─── GIVEN ENTRIES ───
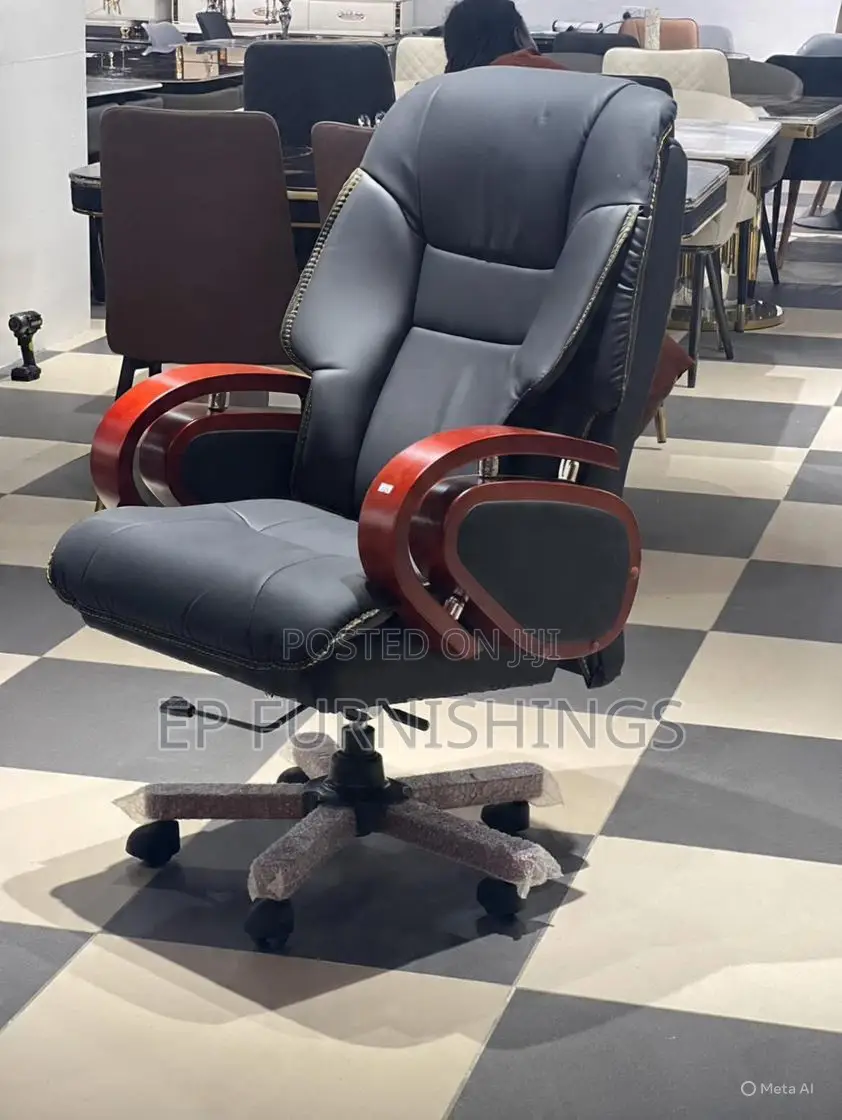 Executive Leather Office Chair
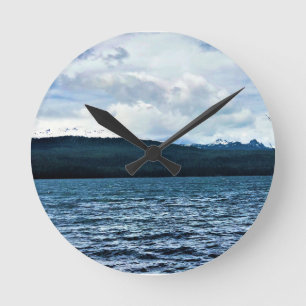 Horloge Ronde Odell Lake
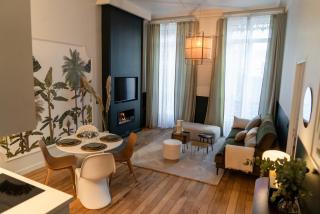 Beige Hospitalité - COCO - hypercentre-2chambres-parking-zen - Saint-Étienne - 0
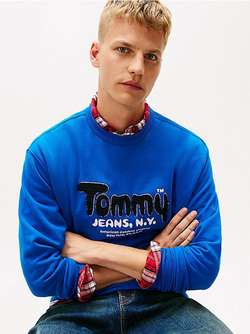 Толстовка мужская TOMMY JEANS TJM RLX BOUCLE FNT P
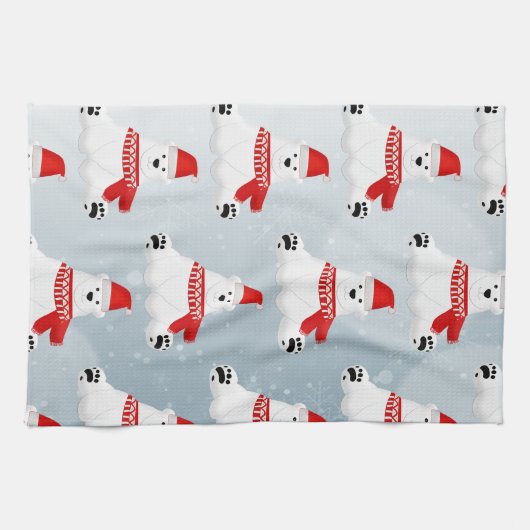 Polair Beer Theedoek (Horizontaal)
───
Please output all the records above exactly, leaving out every picture.

 Executive Leather Office Chair
 Horloge Ronde Odell Lake
 Beige Hospitalité - COCO - hypercentre-2chambres-parking-zen - Saint-Étienne - 0
 Толстовка мужская TOMMY JEANS TJM RLX BOUCLE FNT P
 Polair Beer Theedoek (Horizontaal)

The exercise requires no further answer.